Transcribe only part of the material below: the lines from the one containing "All Starts With Ubume Chapter 62" through the one containing "180g ladies 100% cotton Golf Shirt Thumbnail", inclusive, exactly as written.

*** Opening of PROVIDED RECORDS ***

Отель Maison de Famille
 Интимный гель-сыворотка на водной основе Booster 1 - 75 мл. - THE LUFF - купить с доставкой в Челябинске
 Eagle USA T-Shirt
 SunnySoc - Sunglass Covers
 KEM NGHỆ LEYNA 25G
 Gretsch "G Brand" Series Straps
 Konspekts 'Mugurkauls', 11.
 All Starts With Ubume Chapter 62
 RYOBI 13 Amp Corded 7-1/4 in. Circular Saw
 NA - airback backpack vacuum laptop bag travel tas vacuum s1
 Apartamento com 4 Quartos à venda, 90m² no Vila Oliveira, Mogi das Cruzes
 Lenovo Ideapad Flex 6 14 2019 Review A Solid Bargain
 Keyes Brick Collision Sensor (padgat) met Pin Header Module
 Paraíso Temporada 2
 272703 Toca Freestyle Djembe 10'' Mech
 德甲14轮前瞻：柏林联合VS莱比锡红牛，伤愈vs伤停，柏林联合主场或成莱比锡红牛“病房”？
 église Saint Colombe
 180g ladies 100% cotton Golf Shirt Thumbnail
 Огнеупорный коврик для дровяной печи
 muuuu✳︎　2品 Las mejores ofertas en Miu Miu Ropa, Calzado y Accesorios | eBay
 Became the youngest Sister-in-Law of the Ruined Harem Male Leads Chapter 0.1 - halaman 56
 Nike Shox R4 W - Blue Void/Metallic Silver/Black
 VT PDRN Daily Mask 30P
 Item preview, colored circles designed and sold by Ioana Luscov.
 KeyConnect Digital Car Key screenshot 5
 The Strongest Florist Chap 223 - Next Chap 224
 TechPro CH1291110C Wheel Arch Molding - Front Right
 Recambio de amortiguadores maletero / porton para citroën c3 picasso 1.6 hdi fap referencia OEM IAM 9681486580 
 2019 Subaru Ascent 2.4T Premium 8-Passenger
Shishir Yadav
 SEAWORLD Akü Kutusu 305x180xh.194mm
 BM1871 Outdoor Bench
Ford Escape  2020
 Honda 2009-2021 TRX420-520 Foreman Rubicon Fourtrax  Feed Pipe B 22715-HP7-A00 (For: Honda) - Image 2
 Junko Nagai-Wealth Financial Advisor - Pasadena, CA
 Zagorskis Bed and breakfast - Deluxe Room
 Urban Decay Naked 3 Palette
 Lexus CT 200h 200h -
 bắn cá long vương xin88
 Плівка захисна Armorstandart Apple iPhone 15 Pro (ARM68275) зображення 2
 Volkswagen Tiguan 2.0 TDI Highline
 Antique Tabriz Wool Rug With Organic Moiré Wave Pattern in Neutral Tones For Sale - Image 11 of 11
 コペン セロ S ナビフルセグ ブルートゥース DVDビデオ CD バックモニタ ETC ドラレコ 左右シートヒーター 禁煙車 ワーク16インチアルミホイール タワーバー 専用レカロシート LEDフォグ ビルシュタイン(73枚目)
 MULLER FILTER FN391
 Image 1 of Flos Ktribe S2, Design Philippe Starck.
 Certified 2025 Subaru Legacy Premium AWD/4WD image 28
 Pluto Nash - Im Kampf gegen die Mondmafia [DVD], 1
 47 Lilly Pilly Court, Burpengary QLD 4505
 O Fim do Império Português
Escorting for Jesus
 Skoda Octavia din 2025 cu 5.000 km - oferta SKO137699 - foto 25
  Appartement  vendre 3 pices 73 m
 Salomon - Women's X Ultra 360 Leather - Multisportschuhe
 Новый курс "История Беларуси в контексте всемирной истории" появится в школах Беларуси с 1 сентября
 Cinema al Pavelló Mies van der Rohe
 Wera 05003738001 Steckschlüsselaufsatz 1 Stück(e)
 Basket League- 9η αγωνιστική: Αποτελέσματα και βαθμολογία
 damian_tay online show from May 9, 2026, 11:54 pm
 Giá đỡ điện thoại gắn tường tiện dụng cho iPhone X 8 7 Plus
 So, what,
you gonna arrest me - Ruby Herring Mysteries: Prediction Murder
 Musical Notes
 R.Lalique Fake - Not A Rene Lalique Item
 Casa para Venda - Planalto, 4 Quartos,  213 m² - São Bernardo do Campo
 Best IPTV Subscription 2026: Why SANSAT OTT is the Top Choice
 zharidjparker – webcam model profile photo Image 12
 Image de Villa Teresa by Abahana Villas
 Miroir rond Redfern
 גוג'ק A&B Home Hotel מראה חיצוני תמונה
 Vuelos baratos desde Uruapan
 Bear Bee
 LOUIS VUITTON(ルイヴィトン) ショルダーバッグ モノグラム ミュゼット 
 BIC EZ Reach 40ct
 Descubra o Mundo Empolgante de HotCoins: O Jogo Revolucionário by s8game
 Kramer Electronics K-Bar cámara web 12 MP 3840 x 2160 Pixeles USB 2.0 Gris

*** Close of PROVIDED RECORDS ***

■ EXERCISE OUTPUT
 All Starts With Ubume Chapter 62
 RYOBI 13 Amp Corded 7-1/4 in. Circular Saw
 NA - airback backpack vacuum laptop bag travel tas vacuum s1
 Apartamento com 4 Quartos à venda, 90m² no Vila Oliveira, Mogi das Cruzes
 Lenovo Ideapad Flex 6 14 2019 Review A Solid Bargain
 Keyes Brick Collision Sensor (padgat) met Pin Header Module
 Paraíso Temporada 2
 272703 Toca Freestyle Djembe 10'' Mech
 德甲14轮前瞻：柏林联合VS莱比锡红牛，伤愈vs伤停，柏林联合主场或成莱比锡红牛“病房”？
 église Saint Colombe
 180g ladies 100% cotton Golf Shirt Thumbnail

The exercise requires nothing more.